McGill University, 845 Sherbrooke St W, Montreal, Quebec H3A 0G4, Canada.
INRIA.
Gigascience. 2021 Sep 28;10(9). doi: 10.1093/gigascience/giab055.
Machine learning brings the hope of finding new biomarkers extracted from cohorts with rich biomedical measurements. A good biomarker is one that gives reliable detection of the corresponding condition. However, biomarkers are often extracted from a cohort that differs from the target population.
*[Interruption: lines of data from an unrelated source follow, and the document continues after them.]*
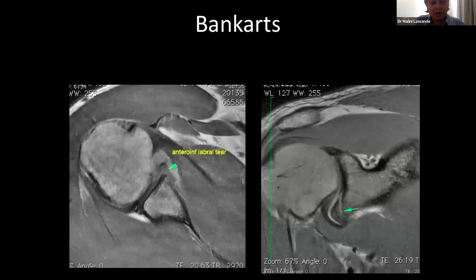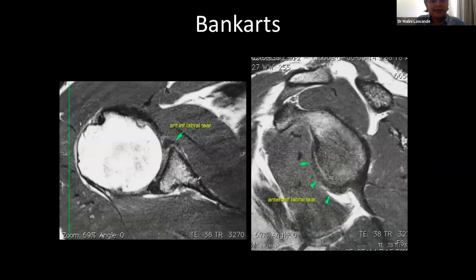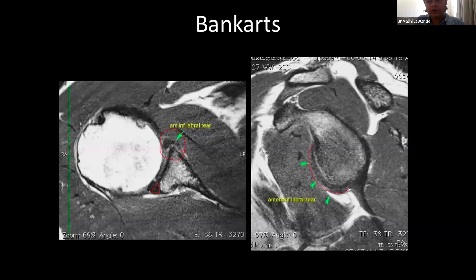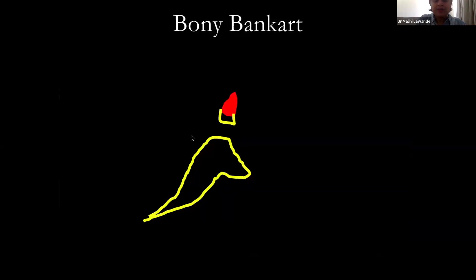On MRI, you can clearly see the normal posterior labrum contrasted with an anterior inferior discrete labral tear. On coronal images the anterior inferior labral tear is well seen, with periosteum disrupted. The sagittal image shows the entire labral tear — a 'bare face' appearance — from about three o'clock to six o'clock.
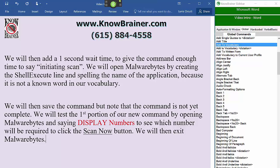We will add three additional lines of code that will be used to minimize Malwarebytes after triggering the scan command.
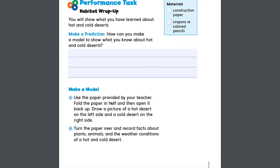Here's an example. You can make a model. Use the paper provided by your teacher or by your parents — anything that you have at home — and fold the paper in half and then open it so it kind of looks like a card. Then draw a picture of a hot desert on the left side and a cold desert on the right side.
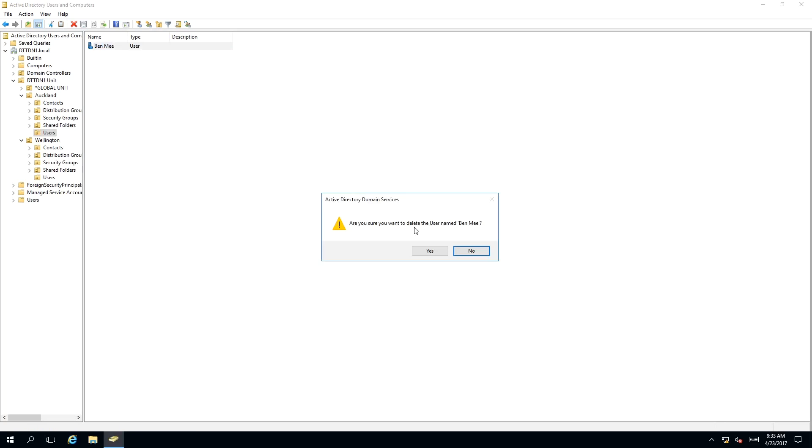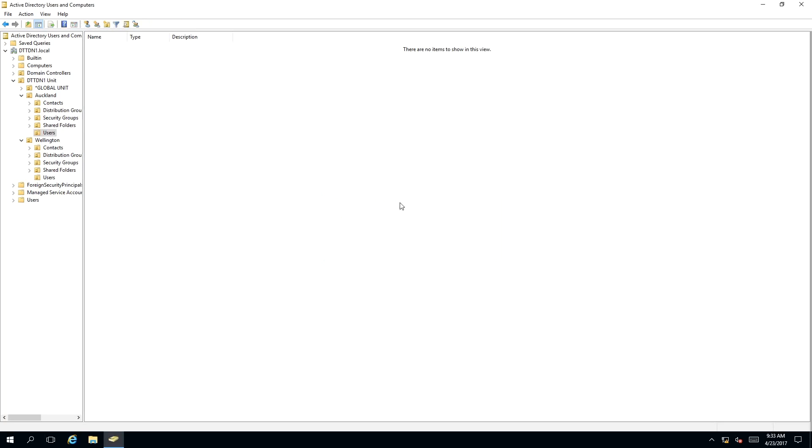Are you sure you want to delete the user named Bend Me? This time I'm going to say 'Yes'. And as you can see, our Bend Me user has been deleted.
Such a mismatch, known as a dataset shift, can undermine the application of the biomarker to new individuals. Dataset shifts are frequent in biomedical research, e.g., because of recruitment biases. When a dataset shift occurs, standard machine-learning techniques do not suffice to extract and validate biomarkers. This article provides an overview of when and how dataset shifts break machine-learning-extracted biomarkers, as well as detection and correction strategies.
机器学习带来了从具有丰富生物医学测量数据的队列中提取新生物标志物的希望。一个好的生物标志物是能够可靠检测相应条件的标志物。然而,生物标志物通常是从与目标人群不同的队列中提取的。这种不匹配,称为数据集偏移,可能会破坏生物标志物在新个体中的应用。在生物医学研究中,数据集偏移很常见,例如,由于招募偏差。当发生数据集偏移时,标准的机器学习技术不足以提取和验证生物标志物。本文概述了数据集偏移何时以及如何破坏机器学习提取的生物标志物,以及检测和纠正策略。